The president of the United States is paid $400,000 a year for his services, but that’s not as much as most presidents of American universities are making, according to a new study.
What’s more, data show how expensive college has become, which could be a reason why college loan debt has soared to more than the gross domestic product of many of the world’s countries.
According to the study by the Chronicle of Higher Education, an industry publication, salaries of U.S. public university presidents rose nearly 5 percent in the last fiscal year, even as tuition climbed and student debt ballooned, to a median pay level topping $400,000.

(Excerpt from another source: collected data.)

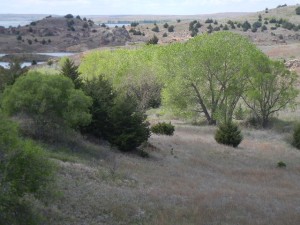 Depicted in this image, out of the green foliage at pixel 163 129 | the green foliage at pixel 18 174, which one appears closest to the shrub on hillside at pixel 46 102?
the green foliage at pixel 18 174

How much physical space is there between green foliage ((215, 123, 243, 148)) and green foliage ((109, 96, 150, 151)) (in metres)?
9.83

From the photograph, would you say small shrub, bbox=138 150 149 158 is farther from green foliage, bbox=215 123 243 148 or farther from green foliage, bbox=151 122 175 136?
green foliage, bbox=215 123 243 148

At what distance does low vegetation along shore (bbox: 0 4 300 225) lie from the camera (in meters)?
13.5

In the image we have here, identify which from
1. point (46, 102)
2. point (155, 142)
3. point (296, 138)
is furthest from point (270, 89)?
point (46, 102)

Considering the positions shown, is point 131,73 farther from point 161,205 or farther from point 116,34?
point 116,34

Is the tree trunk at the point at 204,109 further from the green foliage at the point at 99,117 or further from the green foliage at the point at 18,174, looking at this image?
the green foliage at the point at 18,174

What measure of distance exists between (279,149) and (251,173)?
33.4 ft

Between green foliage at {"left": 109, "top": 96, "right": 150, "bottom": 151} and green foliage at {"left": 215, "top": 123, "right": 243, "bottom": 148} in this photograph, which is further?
green foliage at {"left": 215, "top": 123, "right": 243, "bottom": 148}

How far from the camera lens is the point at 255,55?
148 ft

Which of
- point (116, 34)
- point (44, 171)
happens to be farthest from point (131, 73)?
point (116, 34)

The study noted that Penn State‘s Graham Spanier was the nation’s top university official in terms of pay in 2012 before he was let go by the school over the Jerry Sandusky scandal, but his compensation was artificially inflated because he was paid $2.4 million in severance pay and other deferred compensation.
Millions a year to run a university
The median total compensation for the public university presidents in fiscal year 2011-2012 was $441,392, the study found. Four of the presidents earned more than $1 million, and the median base pay jumped 2 percent to $373,800.
Spanier, meanwhile, got a total compensation package worth $2.9 million during the same fiscal year he was dismissed over his poor handling of the Sandusky child sex abuse scandal.
E. Gordon Gee of Ohio State University, Jay Gogue of Auburn University in Alabama, and Alan Merten of George Mason University in Ohio (he has since left his position), received more than $1 million during the 2011-2012 fiscal year. Of those three, Gee’s base pay of $830,439 – 44 percent of his total compensation – was highest.
Spanier’s base pay was $359,959.
Charged with two other former Penn State officials in the Sandusky case, he is currently awaiting trial for perjury, obstruction of justice and what a grand jury has labeled a “conspiracy of silence,” in order to help cover up Sandusky’s crimes. All three have pleaded not guilty.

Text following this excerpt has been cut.